Physical characteristics
- • location: Chemunjimotta hills
- • elevation: 1,860 m (6,100 ft)
- Mouth: Anjengo Lake
- • location: Kadakkavoor
- Length: 88 km (55 mi)

Basin features
- Cities: Palode; Vamanapuram; Attingal; Chirayinkeezhu;
- Bridges: Kallar bridge; Ponnamchundu bridge; Suryakanthi bridge; Palode bridge; Aanakulam iron bridge; Chellanchy bridge; Cheppilode iron bridge; Aruvipuram bridge; Vellumannady bridge; Vamanapuram bridge; Ayilam bridge; Poovanpara bridge; Kollampuzha bridge; Pulimoottil Kadavu bridge;

= Vamanapuram River =

River in India

Vamanapuram River is an 88 km long river in southern Kerala that flows through the northern parts of Thiruvananthapuram district. It is also the longest river in Thiruvananthapuram district. The river is also known as "Kallar", "Kollampuzhayaru" and "Attingalaru".The two tributaries of this river are the Upper Chittar & Manjaprayaar streams which originates near Ponmudi hill station.

== Course ==
The river originates in the Chemunjimotta hills (alt. 1860m) hills on the southern side of the Western Ghats, and flows entirely through Thiruvananthapuram district of Kerala. It course ends in Anjengo Lake (Anchuthengu Lake) near Chirayinkeezhu. The river flows along Attingal municipality, Karette, Palode, Vithura and Kallar. Thiru Aaraattu Kavu Devi Temple, Kollampuzha that is connected with Travancore royal family is situated on the banks of this river.
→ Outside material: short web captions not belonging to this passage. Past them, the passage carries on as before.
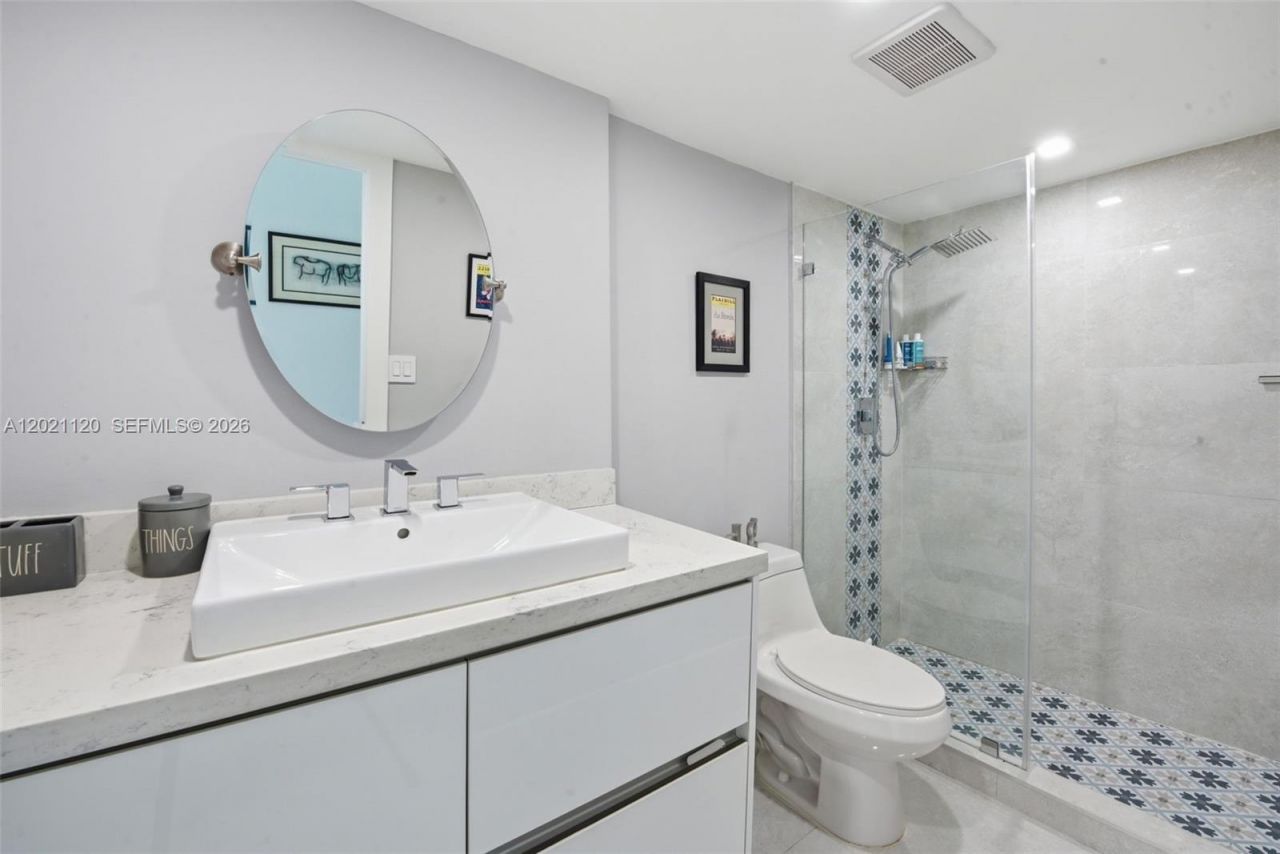 2555 Collins Ave , Unit 1106, Miami Beach, FL 33140 Photo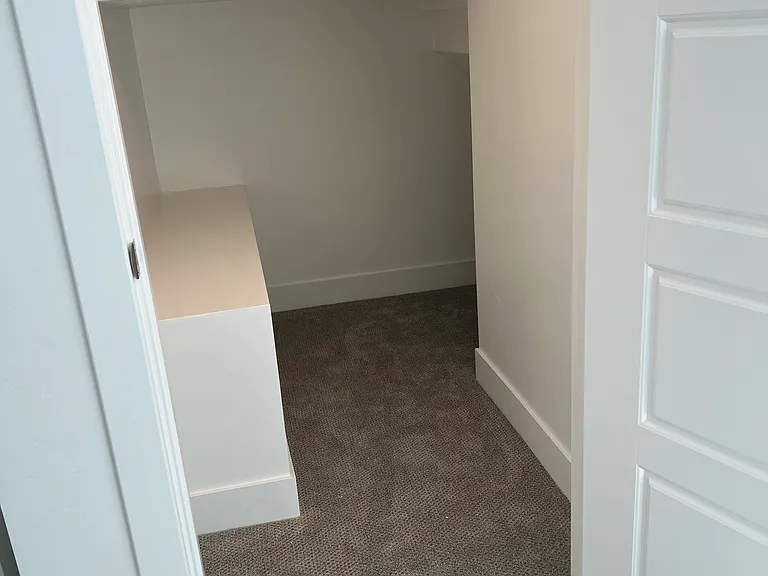 1002 W Mountain Hollow Way — Photo 4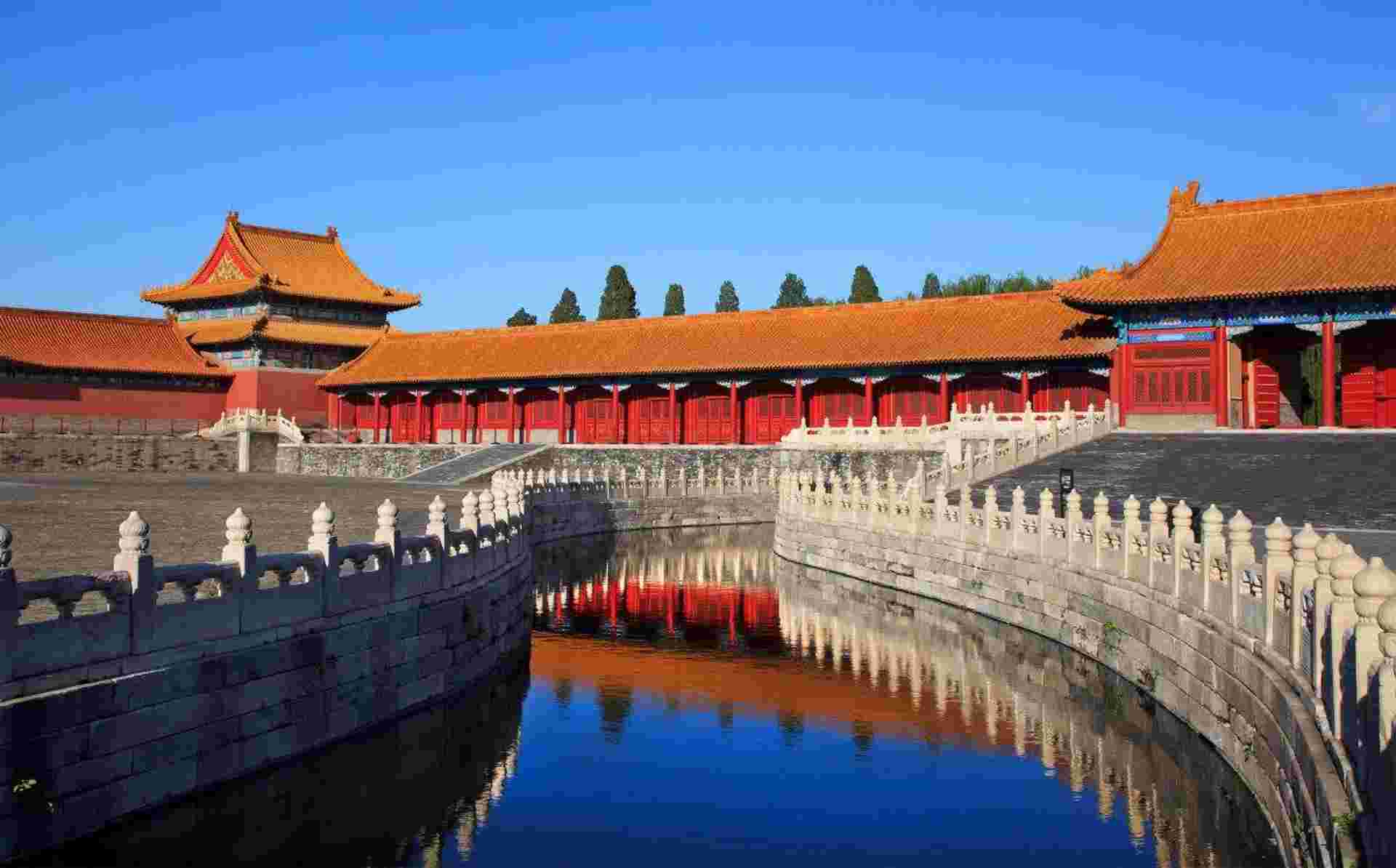 Blue Dragon Of China, Spanish-speaking Guide, Private Tour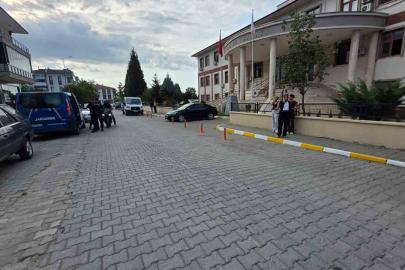 Sakarya’da tartıştığı eşini bıçaklayan şahıs tutuklandı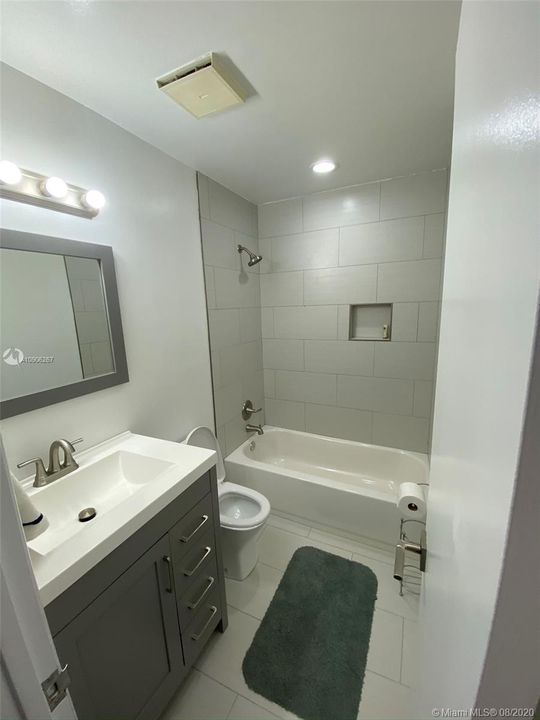 Vendido Recientemente: $709,000 (4 camas, 3 baños, 3525 Pies cuadrados)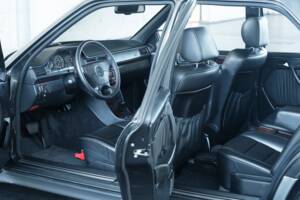 Bild 34/50 von Mercedes-Benz E 500 (1993)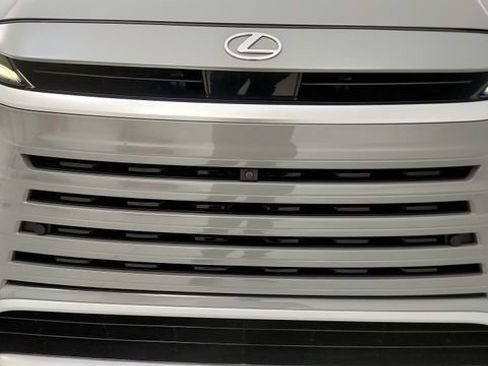 Used 2024 Lexus TX 500h AWD w/ Technology Package image 23
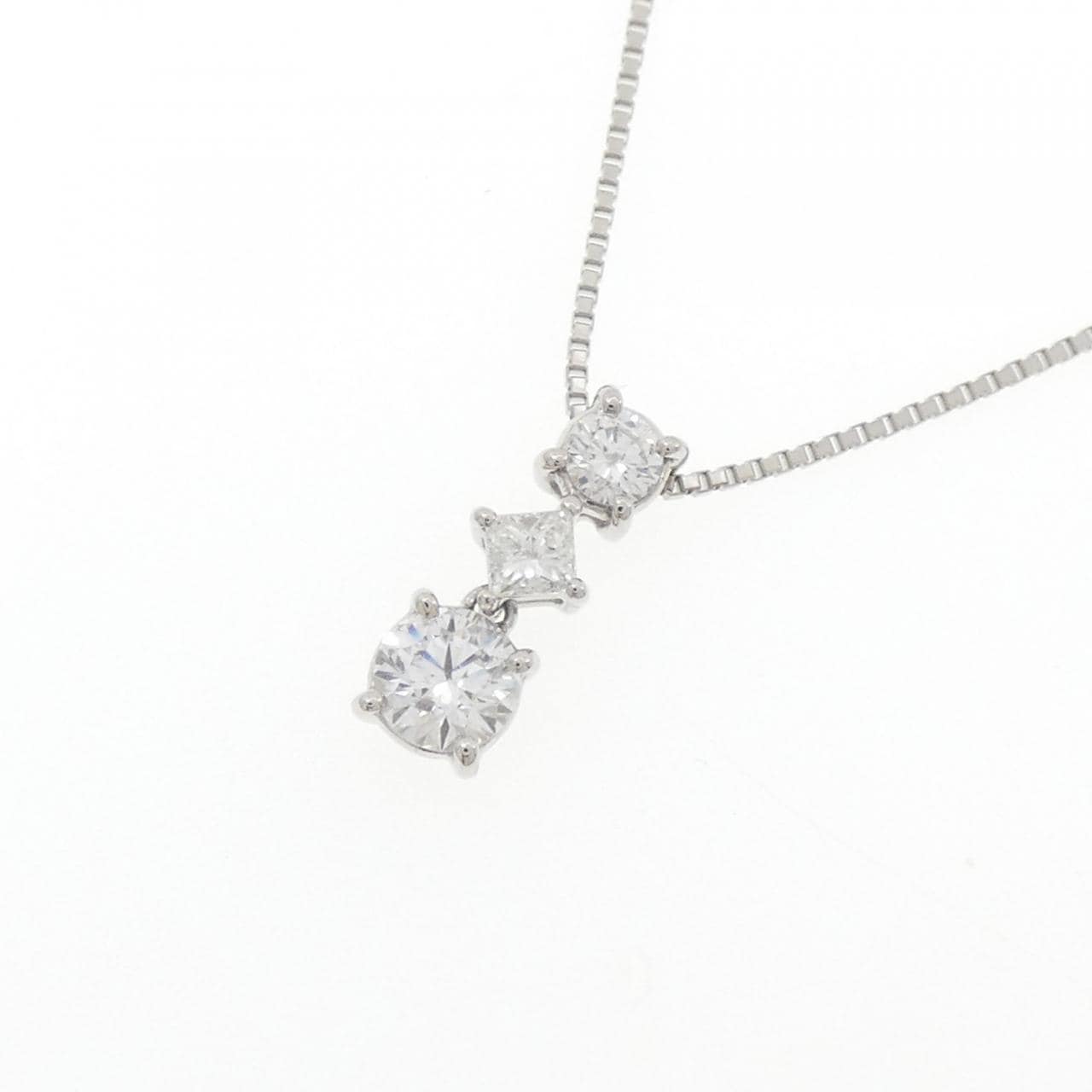 PT900/PT850 ダイヤモンド ネックレス 0.322CT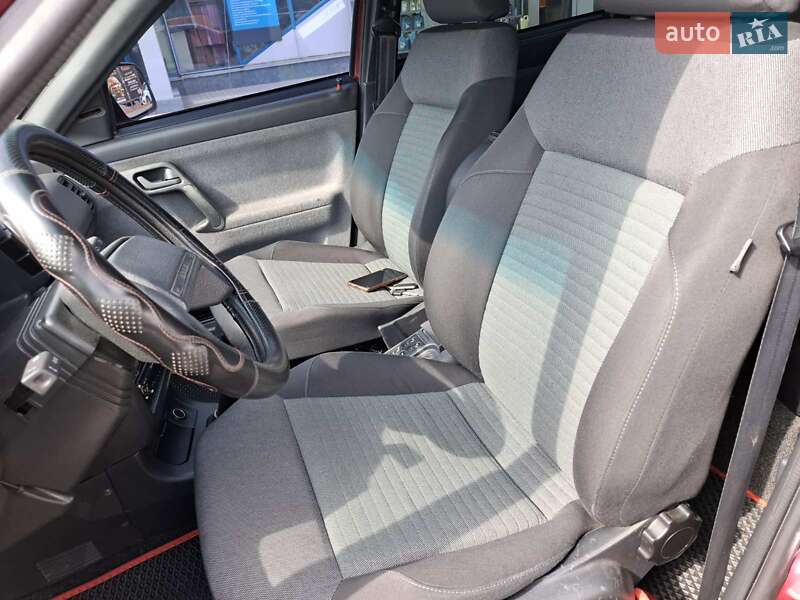 Седан ВАЗ / Lada 2110 2004 в Николаеве фото 15 Седан ВАЗ / Lada 2110 2004 в Николаеве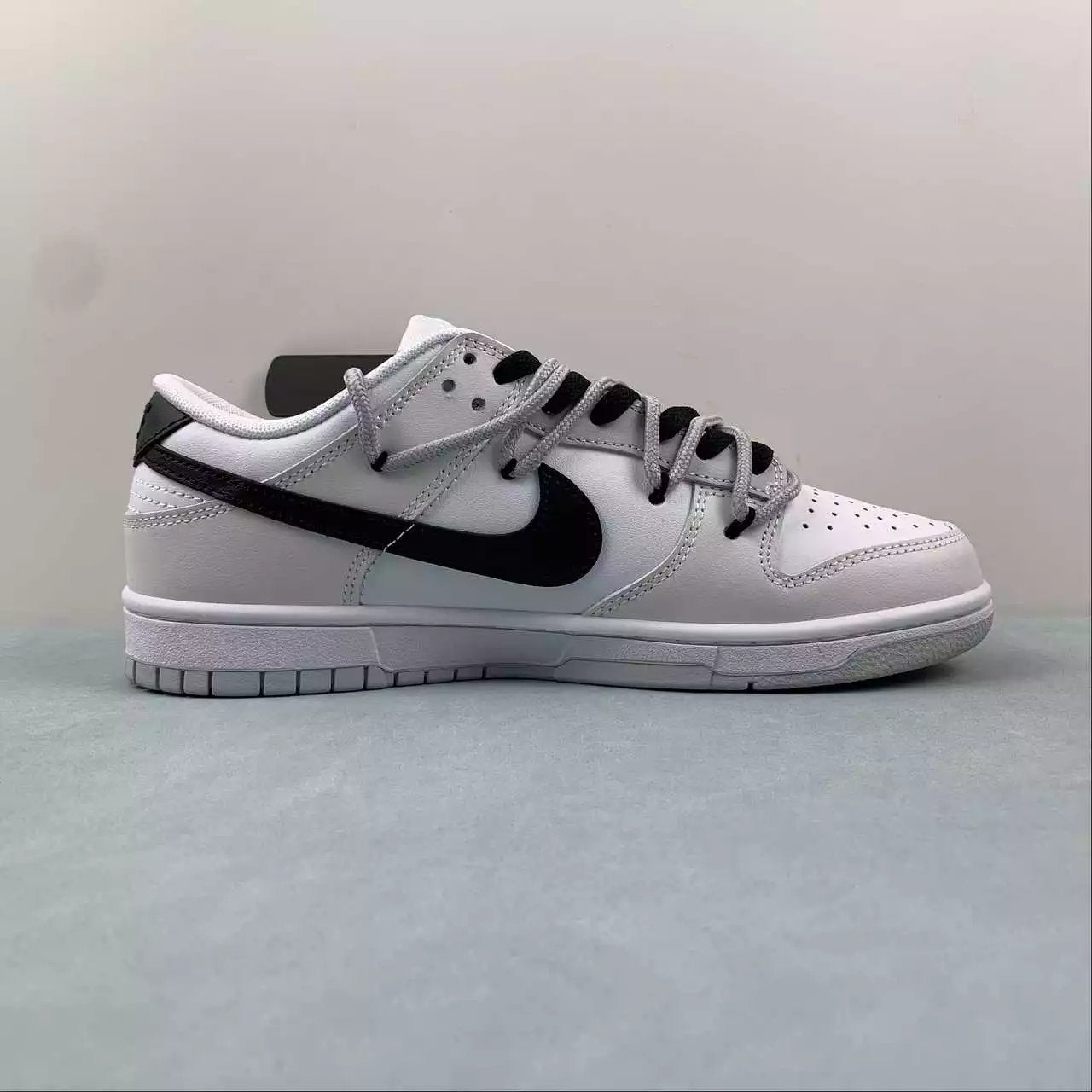 Nike Dunk Low shoes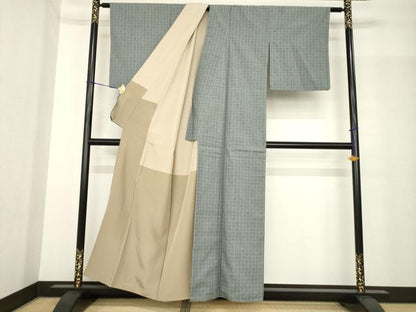 平和屋着物●本場結城紬　重要無形文化財　格子　証紙付き　正絹　逸品　AABG0820ck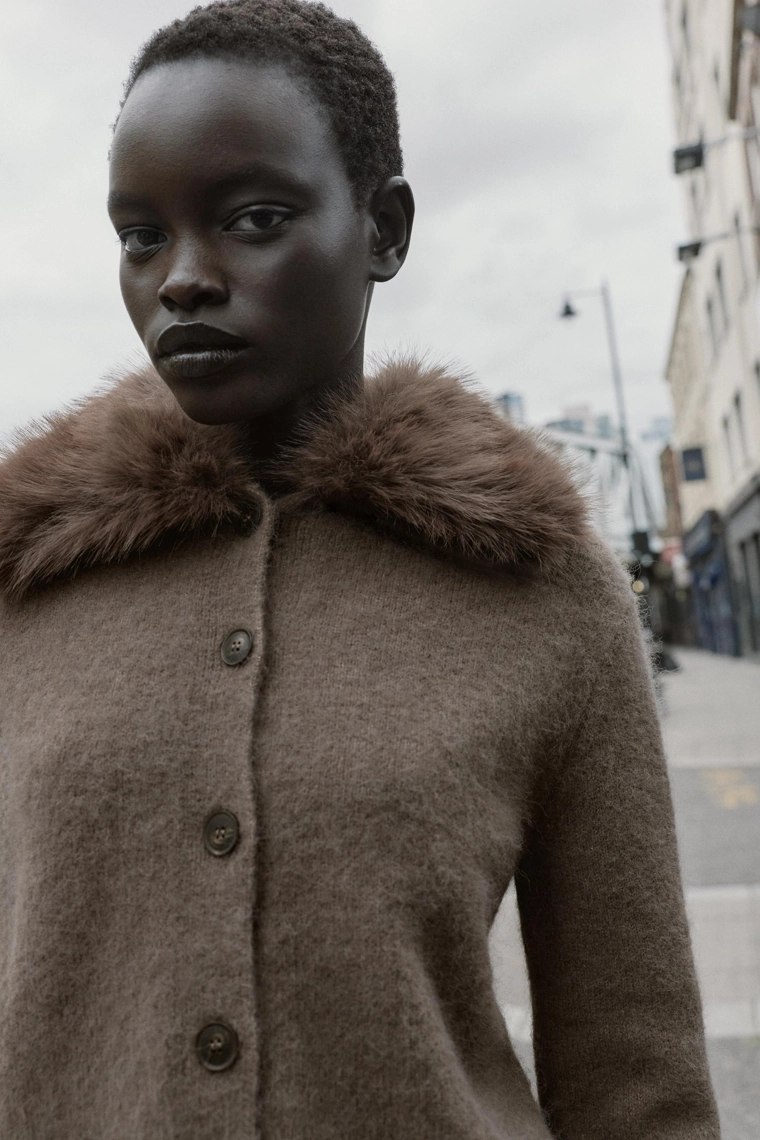 Кардиган с вязаным воротником из искусственного меха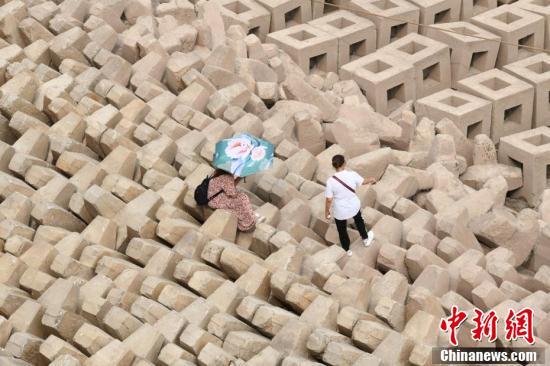 重庆江滩露出大量消浪石 仿若“俄罗斯方块”_腾讯新闻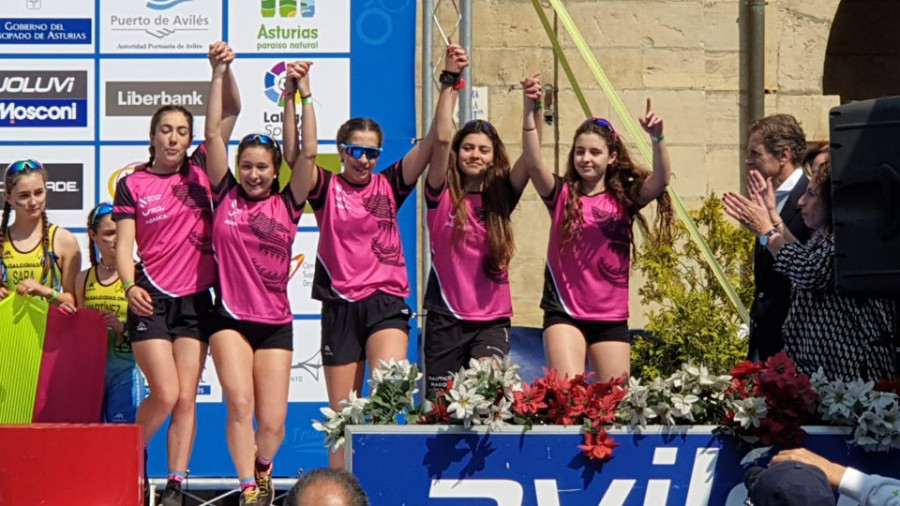 Tres bronces y permanencia para el Náutico de Narón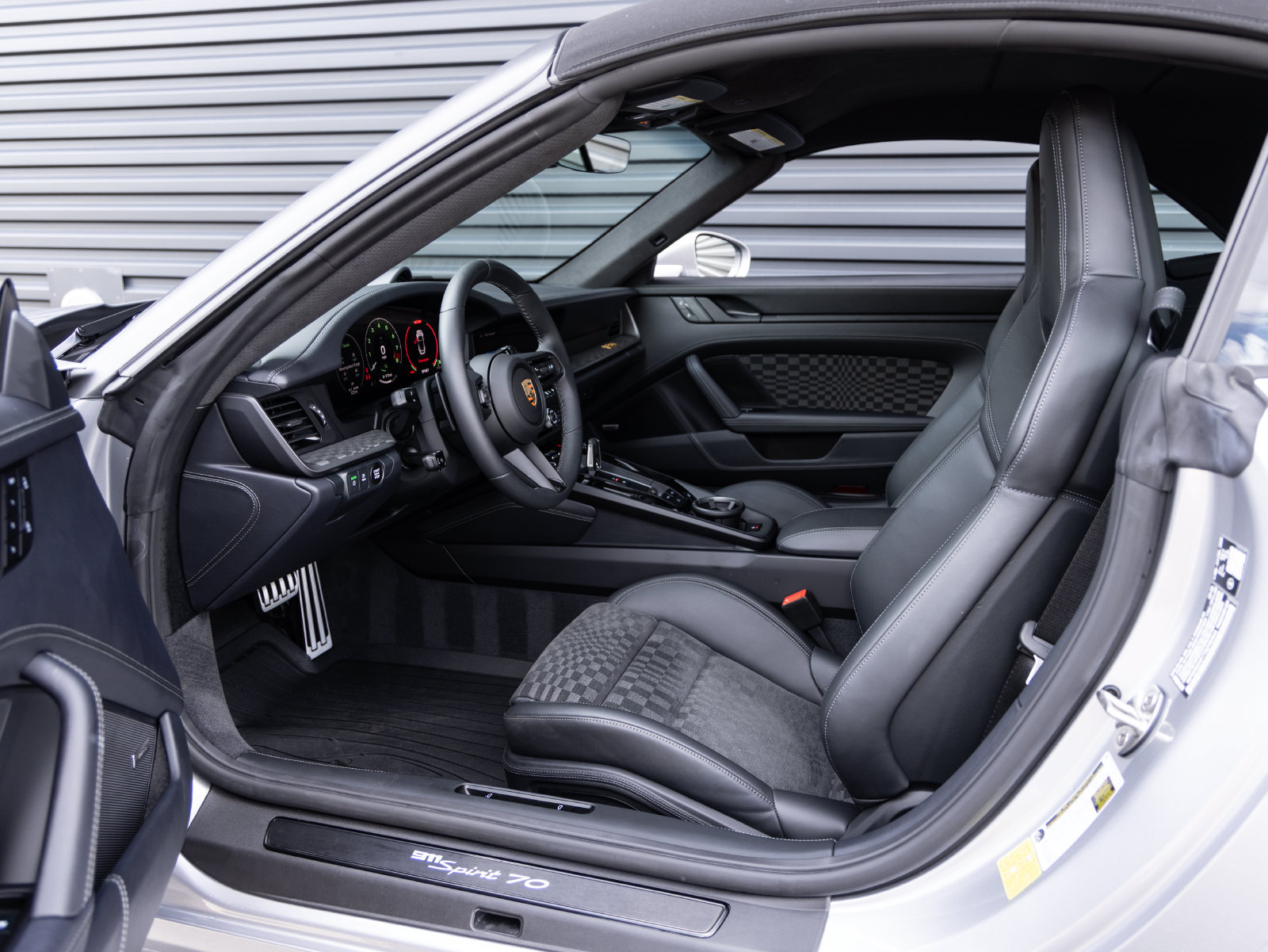 Certified 2026 Porsche 911 Carrera GTS RWD image 25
The Meenmutty Falls at Kallar is situated in the upper course of this river whereas The Mankayam Falls at Idinjar and The Vazhvanthol Falls at Bonacaud lies on its tributaries.

== Significance ==
The river is a major source of water for Municipalities of Attingal and Varkala. There is boating available in the lower course of river near Chirayinkeezhu. There is considerable tourism activities in the upper course of river especially at Meenmutty Falls and Thavakkal waterfalls.

=== Vamanapuram Irrigation Project ===
It was envisaged in 1970's but couldn't materialize due to opposition from people. It is the only river in the district without a dam and there are currently plans to build a regulator in the river by Kerala Water Authority.